I will get much more in depth in a week or so but right off the bat they are stunning. Beautiful construction, excellent terminals and a gorgeous glass fiber/ carbon fiber cone. They have quite a bit of heft and the steel ring around the face is a nice touch to help from distorting the basket on installation.

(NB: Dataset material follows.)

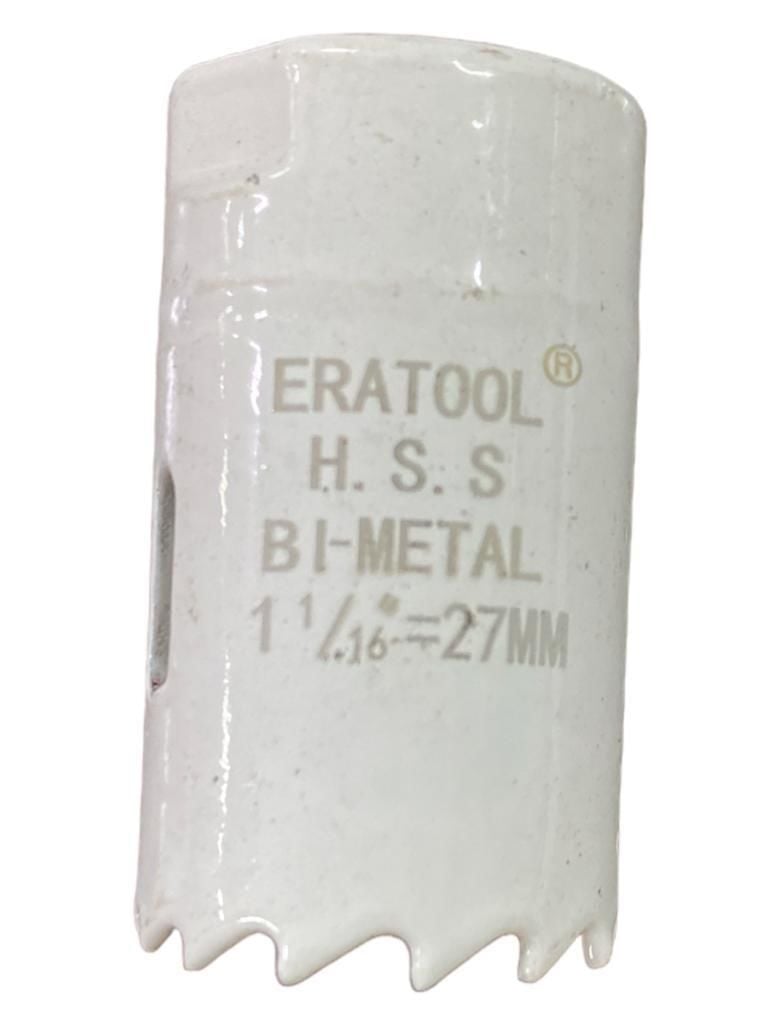 Era 56019 BMetal Panç 27 Mm Metal Ahşap İçin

I can tell you my friend is very upset at spending so much on his 3-way Focal K2 Power setup that I had installed only an hour earlier. He hoped in my truck, listened to the speakers and then swore at me and gave me the finger while shouting "Not one day! Not one day am I allowed to have the better sounding system!" LMAO!

Here are some pics.


----------



## danzell (Jan 25, 2015)

Hot damn that looks nice! In for your thoughts on the sound.


----------



## deeppinkdiver (Feb 4, 2011)

I cannot wait, mine will be here tomorrow!! Yipee!!

Glad to hear that you are loving these Bill!


----------



## WhiteL02 (Jul 25, 2014)

Very nice... How much?


----------



## LaserSVT (Feb 1, 2009)

Lots LOL.

The Grandioso are:
2-way set with crossovers: $6,600
CF25T Tweeters: $2,200
CF165W Woofers: $2,950

The Maestoso are:
2-way set with crossovers: $1,980
T25T: $580
T165W: $950


----------



## LaserSVT (Feb 1, 2009)

I did get to A/B them yesterday with couple other mids. Not very scientific but I have a mono hi-def copy of Robert Plants "In The Mood" and ran the Sinfoni on the right and the TM65 on the left. All I had to do was mute one side and switch back and forth. I then swapped the SI for a Focal K2 Power and did it again. I then tried a Dayton Classic and my single Esotar that has an ugly cone. Cone got a scratch in it so I got it for free. Does not seem to change its sound signature as I have heard a couple Esotars in the last month.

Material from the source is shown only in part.